Problem details → From top to bottom, restate the entries below word for word.

Supplied material →

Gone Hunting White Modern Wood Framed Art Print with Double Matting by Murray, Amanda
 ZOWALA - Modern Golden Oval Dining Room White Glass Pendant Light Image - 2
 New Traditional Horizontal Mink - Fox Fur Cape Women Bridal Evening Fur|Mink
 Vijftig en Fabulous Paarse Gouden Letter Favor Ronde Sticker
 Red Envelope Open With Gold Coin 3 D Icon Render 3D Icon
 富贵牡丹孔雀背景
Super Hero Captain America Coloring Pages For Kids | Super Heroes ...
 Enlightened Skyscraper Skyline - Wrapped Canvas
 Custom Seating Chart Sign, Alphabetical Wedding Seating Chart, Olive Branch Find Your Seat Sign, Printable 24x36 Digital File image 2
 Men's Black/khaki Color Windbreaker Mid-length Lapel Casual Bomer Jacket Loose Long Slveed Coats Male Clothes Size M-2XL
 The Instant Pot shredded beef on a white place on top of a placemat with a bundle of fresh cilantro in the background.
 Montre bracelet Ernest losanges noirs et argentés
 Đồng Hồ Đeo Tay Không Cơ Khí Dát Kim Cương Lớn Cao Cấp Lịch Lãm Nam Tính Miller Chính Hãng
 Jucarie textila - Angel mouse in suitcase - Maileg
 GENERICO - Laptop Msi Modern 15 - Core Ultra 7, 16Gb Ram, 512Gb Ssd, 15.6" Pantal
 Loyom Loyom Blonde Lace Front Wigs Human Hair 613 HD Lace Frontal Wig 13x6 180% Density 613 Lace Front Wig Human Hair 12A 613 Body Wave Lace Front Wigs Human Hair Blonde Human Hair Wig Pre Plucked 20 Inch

Finished exercise →
Gone Hunting White Modern Wood Framed Art Print with Double Matting by Murray, Amanda
 ZOWALA - Modern Golden Oval Dining Room White Glass Pendant Light Image - 2
 New Traditional Horizontal Mink - Fox Fur Cape Women Bridal Evening Fur|Mink
 Vijftig en Fabulous Paarse Gouden Letter Favor Ronde Sticker
 Red Envelope Open With Gold Coin 3 D Icon Render 3D Icon
 富贵牡丹孔雀背景
Super Hero Captain America Coloring Pages For Kids | Super Heroes ...
 Enlightened Skyscraper Skyline - Wrapped Canvas
 Custom Seating Chart Sign, Alphabetical Wedding Seating Chart, Olive Branch Find Your Seat Sign, Printable 24x36 Digital File image 2
 Men's Black/khaki Color Windbreaker Mid-length Lapel Casual Bomer Jacket Loose Long Slveed Coats Male Clothes Size M-2XL
 The Instant Pot shredded beef on a white place on top of a placemat with a bundle of fresh cilantro in the background.
 Montre bracelet Ernest losanges noirs et argentés
 Đồng Hồ Đeo Tay Không Cơ Khí Dát Kim Cương Lớn Cao Cấp Lịch Lãm Nam Tính Miller Chính Hãng
 Jucarie textila - Angel mouse in suitcase - Maileg
 GENERICO - Laptop Msi Modern 15 - Core Ultra 7, 16Gb Ram, 512Gb Ssd, 15.6" Pantal
 Loyom Loyom Blonde Lace Front Wigs Human Hair 613 HD Lace Frontal Wig 13x6 180% Density 613 Lace Front Wig Human Hair 12A 613 Body Wave Lace Front Wigs Human Hair Blonde Human Hair Wig Pre Plucked 20 Inch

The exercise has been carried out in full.